Output every entry exactly as written, but omit the pictures.

DATA SHOWN: Begin

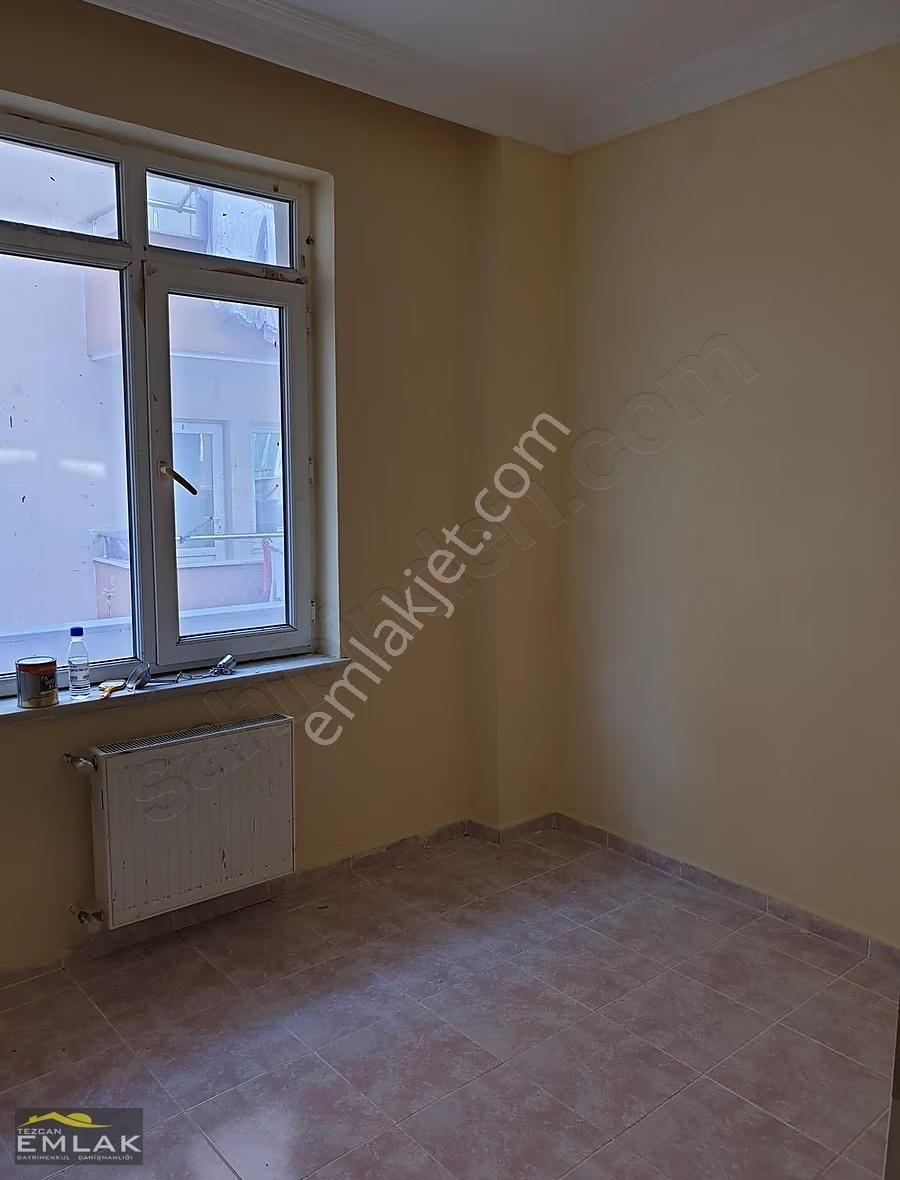 Çanakkale Esenler Mahallesi Şehitler Cami Arkasında 3+1 - Görsel 23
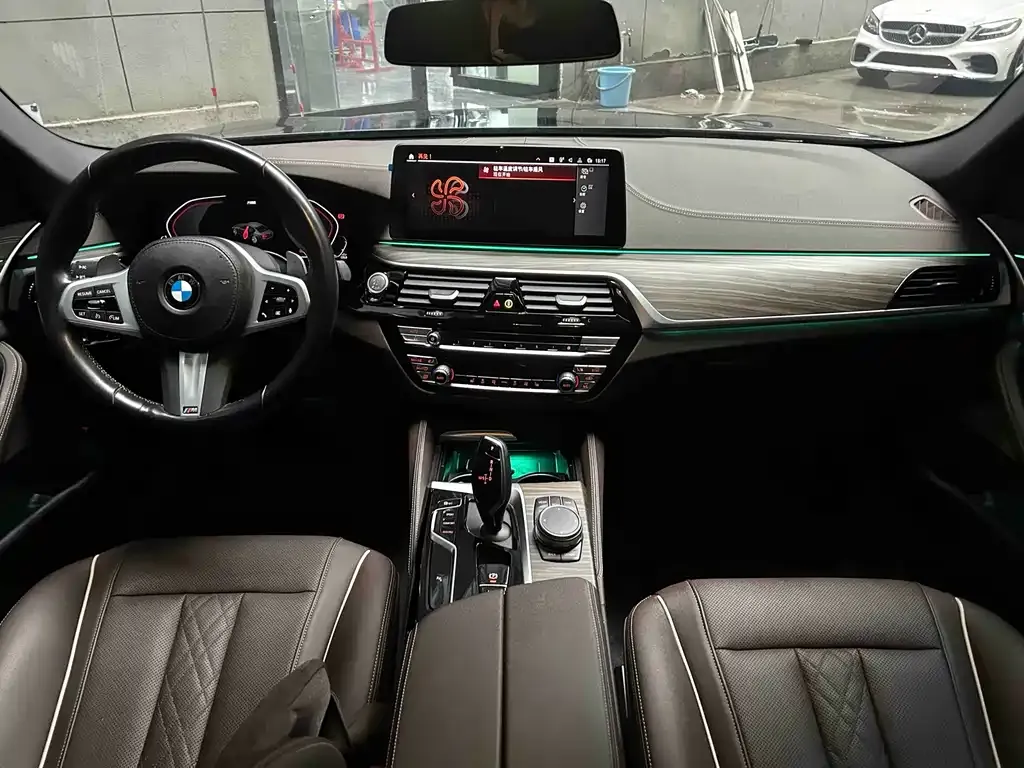 BMW 5 Series — фото 10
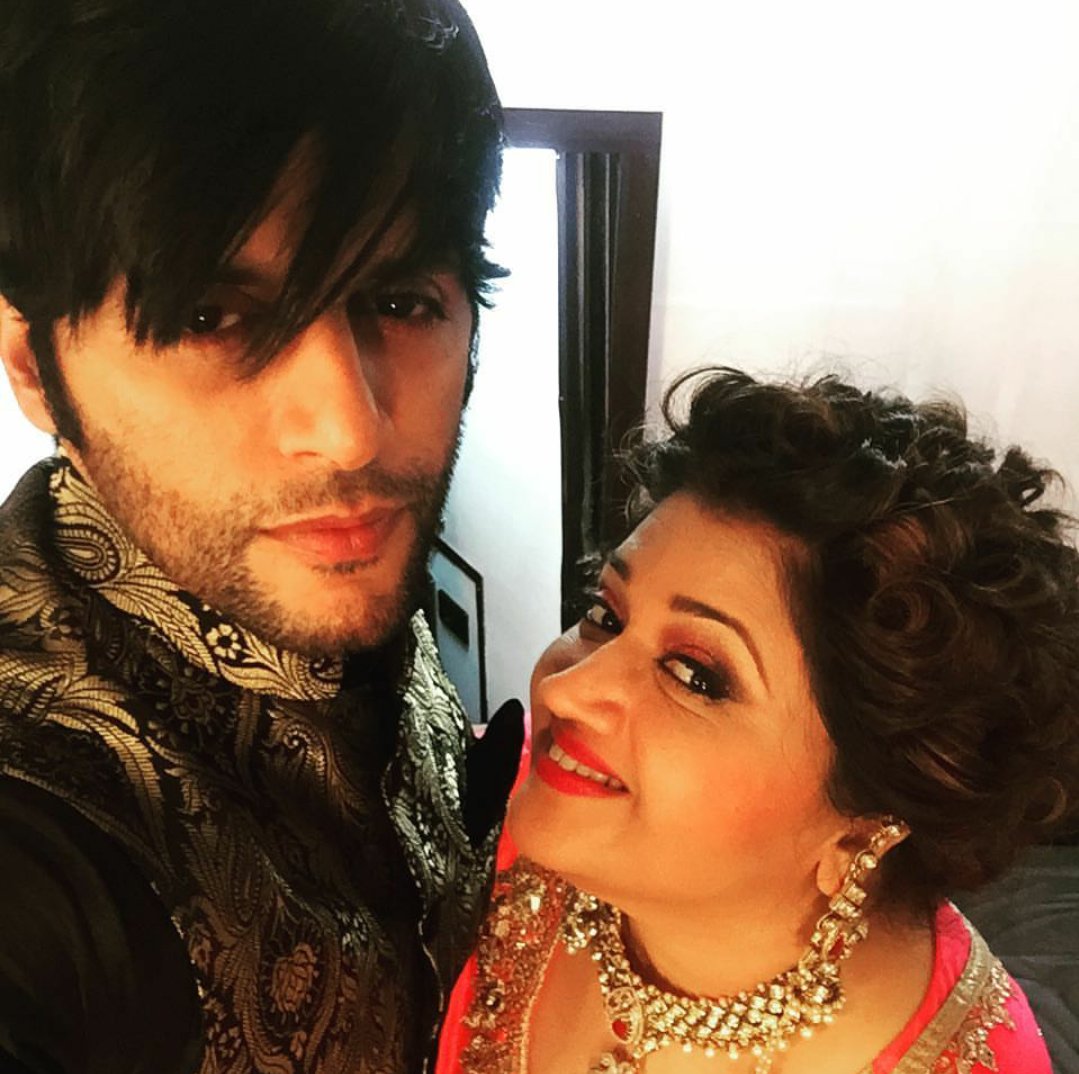 WorldOfKVB's tweet photo. We're LOVING how @RealKVB is there on our screens, time 2 time!❤
Shooting for #BhauHumariRajni_Kant! 

Handsome!😍 https://t.co/nd5H4cirzO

DATA SHOWN: End

» **WORKED SOLUTION**:
 Çanakkale Esenler Mahallesi Şehitler Cami Arkasında 3+1 - Görsel 23
 BMW 5 Series — фото 10
 WorldOfKVB's tweet photo. We're LOVING how @RealKVB is there on our screens, time 2 time!❤
Shooting for #BhauHumariRajni_Kant! 

Handsome!😍 https://t.co/nd5H4cirzO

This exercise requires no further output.